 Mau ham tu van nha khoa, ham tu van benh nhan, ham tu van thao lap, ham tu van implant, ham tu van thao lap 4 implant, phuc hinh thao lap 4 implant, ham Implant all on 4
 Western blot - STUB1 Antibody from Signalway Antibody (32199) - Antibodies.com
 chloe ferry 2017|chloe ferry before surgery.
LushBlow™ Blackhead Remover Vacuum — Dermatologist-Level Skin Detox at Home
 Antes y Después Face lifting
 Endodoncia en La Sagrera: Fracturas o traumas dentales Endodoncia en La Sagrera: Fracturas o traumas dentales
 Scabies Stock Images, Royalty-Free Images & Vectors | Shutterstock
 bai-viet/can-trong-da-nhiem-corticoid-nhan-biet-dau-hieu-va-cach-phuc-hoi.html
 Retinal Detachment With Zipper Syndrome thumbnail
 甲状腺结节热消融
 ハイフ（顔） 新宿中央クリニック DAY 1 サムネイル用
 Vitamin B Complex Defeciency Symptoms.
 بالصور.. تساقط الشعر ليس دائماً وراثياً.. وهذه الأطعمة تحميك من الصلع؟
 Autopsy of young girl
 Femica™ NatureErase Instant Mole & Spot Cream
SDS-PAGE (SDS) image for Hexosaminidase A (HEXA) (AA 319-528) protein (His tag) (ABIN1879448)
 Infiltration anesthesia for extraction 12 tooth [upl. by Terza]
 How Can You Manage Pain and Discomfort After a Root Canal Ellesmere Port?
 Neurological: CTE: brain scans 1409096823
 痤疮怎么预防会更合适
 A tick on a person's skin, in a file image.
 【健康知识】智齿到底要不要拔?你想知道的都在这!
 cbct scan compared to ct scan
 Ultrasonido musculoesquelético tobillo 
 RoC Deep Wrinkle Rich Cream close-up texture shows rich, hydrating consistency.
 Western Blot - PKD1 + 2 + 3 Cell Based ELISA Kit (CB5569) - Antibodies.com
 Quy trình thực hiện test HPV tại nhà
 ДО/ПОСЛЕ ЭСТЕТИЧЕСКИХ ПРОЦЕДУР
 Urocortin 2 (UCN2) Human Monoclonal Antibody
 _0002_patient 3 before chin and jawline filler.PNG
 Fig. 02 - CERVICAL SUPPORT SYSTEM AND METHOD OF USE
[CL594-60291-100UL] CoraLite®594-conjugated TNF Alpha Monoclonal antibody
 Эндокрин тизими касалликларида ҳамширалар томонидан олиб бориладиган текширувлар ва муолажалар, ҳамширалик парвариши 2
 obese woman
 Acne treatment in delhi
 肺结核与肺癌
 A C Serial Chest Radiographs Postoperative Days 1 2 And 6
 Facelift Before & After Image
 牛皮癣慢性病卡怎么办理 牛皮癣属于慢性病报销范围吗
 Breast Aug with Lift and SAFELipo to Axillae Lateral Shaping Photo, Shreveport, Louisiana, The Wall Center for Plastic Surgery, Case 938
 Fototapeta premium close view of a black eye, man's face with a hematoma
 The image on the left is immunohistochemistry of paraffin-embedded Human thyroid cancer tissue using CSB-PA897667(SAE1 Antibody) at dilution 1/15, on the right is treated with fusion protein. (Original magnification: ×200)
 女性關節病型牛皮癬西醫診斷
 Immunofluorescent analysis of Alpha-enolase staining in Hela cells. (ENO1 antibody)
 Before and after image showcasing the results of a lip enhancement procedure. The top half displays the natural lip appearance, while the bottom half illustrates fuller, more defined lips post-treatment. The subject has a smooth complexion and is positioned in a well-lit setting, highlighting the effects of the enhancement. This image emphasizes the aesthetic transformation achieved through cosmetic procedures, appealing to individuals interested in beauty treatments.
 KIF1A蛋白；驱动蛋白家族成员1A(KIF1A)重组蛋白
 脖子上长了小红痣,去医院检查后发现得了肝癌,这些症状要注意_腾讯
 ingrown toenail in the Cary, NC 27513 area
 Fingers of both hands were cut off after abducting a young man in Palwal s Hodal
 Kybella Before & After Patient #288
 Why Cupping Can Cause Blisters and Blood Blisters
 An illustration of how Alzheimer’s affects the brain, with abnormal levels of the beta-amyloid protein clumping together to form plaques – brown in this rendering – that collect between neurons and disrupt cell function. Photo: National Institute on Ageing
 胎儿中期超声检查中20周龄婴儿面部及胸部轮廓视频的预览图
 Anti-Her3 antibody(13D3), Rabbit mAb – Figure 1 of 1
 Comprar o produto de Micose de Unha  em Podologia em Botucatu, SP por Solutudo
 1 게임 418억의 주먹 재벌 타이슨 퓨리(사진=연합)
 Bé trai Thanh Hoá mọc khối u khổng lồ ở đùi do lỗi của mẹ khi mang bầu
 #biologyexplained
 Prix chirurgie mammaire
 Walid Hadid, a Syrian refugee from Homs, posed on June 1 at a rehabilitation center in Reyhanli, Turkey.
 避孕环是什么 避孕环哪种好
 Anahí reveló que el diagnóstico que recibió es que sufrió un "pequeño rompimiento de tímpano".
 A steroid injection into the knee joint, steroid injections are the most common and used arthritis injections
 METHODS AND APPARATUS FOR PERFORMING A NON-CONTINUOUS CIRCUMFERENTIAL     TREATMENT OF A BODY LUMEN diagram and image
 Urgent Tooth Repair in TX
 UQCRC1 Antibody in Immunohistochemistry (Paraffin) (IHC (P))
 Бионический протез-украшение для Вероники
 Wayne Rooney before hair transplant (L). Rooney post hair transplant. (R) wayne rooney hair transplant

_ _ _

Return only the lines between the one holding "Scabies Stock Images, Royalty-Free" and the one holding "How Can You", inclusive, exactly as they appear above.

> [Solution for this exercise]
 Scabies Stock Images, Royalty-Free Images & Vectors | Shutterstock
 bai-viet/can-trong-da-nhiem-corticoid-nhan-biet-dau-hieu-va-cach-phuc-hoi.html
 Retinal Detachment With Zipper Syndrome thumbnail
 甲状腺结节热消融
 ハイフ（顔） 新宿中央クリニック DAY 1 サムネイル用
 Vitamin B Complex Defeciency Symptoms.
 بالصور.. تساقط الشعر ليس دائماً وراثياً.. وهذه الأطعمة تحميك من الصلع؟
 Autopsy of young girl
 Femica™ NatureErase Instant Mole & Spot Cream
SDS-PAGE (SDS) image for Hexosaminidase A (HEXA) (AA 319-528) protein (His tag) (ABIN1879448)
 Infiltration anesthesia for extraction 12 tooth [upl. by Terza]
 How Can You Manage Pain and Discomfort After a Root Canal Ellesmere Port?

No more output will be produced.